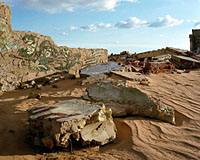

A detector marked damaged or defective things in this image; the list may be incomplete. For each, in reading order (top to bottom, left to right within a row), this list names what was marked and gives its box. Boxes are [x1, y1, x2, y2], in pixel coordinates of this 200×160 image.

broken concrete slab [80, 61, 123, 77]
broken concrete slab [27, 99, 116, 149]
broken concrete slab [83, 80, 176, 124]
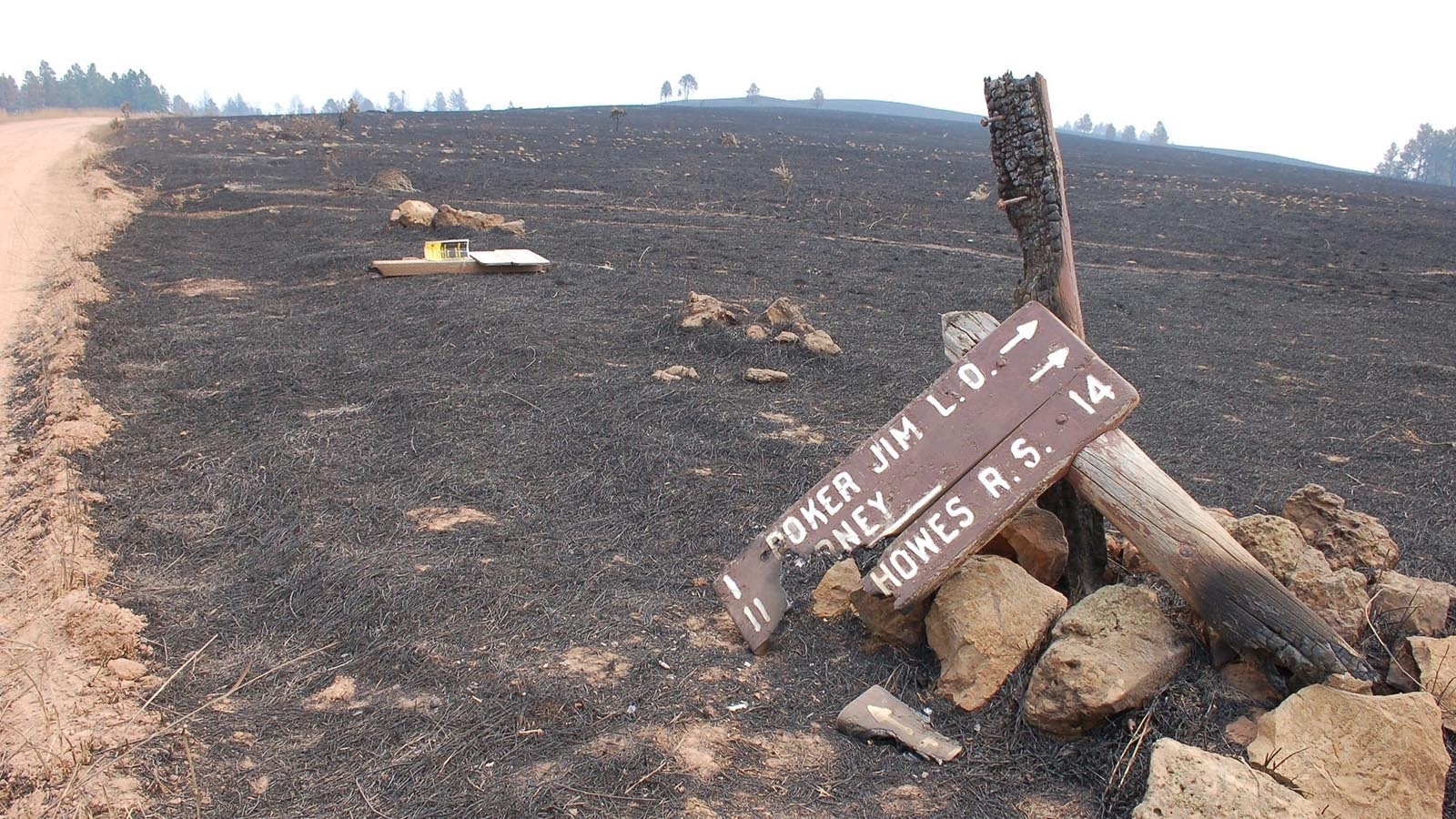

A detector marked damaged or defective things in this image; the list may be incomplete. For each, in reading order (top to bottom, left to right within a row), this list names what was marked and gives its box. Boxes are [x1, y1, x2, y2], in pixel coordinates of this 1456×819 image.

charred wooden post [990, 74, 1107, 601]
charred wooden post [946, 313, 1376, 684]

Aim of the exercise: Reproduce every line of the material above, but drop the pictures.

Result of this exercise:
A detector marked damaged or defective things in this image; the list may be incomplete. For each, in reading order (top to bottom, left to right within a row), this list names what was marked and gives its box. Boxes are [x1, y1, x2, y2], in pixel coordinates of this 200×160 image.

broken concrete slab [80, 61, 123, 77]
broken concrete slab [27, 99, 116, 149]
broken concrete slab [83, 80, 176, 124]

A detector marked damaged or defective things in this image; the list may be incomplete. For each, in reading order (top to bottom, left to right within a row), this list names what was marked and gives its box. Boxes are [x1, y1, x2, y2], in pixel coordinates of this 1456×819 image.

charred wooden post [990, 74, 1107, 601]
charred wooden post [946, 313, 1376, 684]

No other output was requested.